Despite Sinding's success, the legacy of this distinguished composer has been shrouded in politics and controversy. This may have been precipitated by poor health: beginning in the 1930s Sinding suffered from a severe form of dementia. Eight weeks before his death, he joined the Nasjonal Samling (the Norwegian Nazi party). Whether or not he was completely cognizant of this decision is debatable, considering his concerted fight for the rights of Jewish musicians in the early 1930s and the comments he had made challenging the Nazi occupation of Norway. Nevertheless, following Norway's liberation from the Nazi party at the end of World War II, the Norwegian national broadcasting system boycotted Sinding along with others who were associated with the Nazi party, leaving him in relative obscurity during the remaining decades of the twentieth century.


Fortunately, Sinding's music has experienced a renaissance over the past few years. His most famous composition, Frühlingsrauschen, has been recorded several times. Recently EGSOD vice president Dr. Jean Marie Hellner published a preface for a reissue of his Rondo Infinito, which he composed in 1886. Click here for a catalog of Sinding's compositions and here for a discography.

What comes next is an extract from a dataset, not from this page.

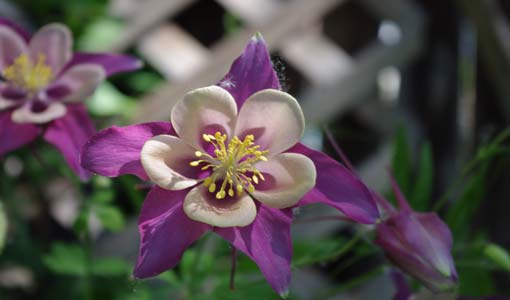 أزمة ما بعد الأربعين.. حقيقتها وأسبابها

[1] The brilliant performance of this quintet prompted a local critic to write: "The work demonstrates in all of its four movements a simply astounding talent for invention and combination as well as a wonderful sense of sound effect. At the same time, the ideas are so masterfully disposed and such a splendid opposition of themes is in evidence throughout, that one cannot cease to voice one's admiration for this very important musical talent that expresses itself, daring and individual everywhere." (http://www.interlude.hk/front/christian-august-sinding-1856-1941-forgotten-norwegian-composer/) [2] A complete list of his works was published by Ö. Gaukstad in Norsk Musikkgranskning arbok (Oslo: 1938). [3] Henri Marteau, "Christian Sinding: Man and Musician," in The Great in Music: A Systematic Course of Study in the Music of Classical and Modern Composers, ed. by W. S. B. Mathews (Chicago: Music Magazine Publishing Company, 1900), 103. [4] Edward Burlingame Hill noted that "with the exception of Edward [sic] Grieg, there is no Norwegian composer at the present time who enjoys so great a popularity and reputation among his countrymen as Sinding." Edward Burlingame Hill, "Christian Sinding," The Etude 23, no. 8 (August 1905): 314.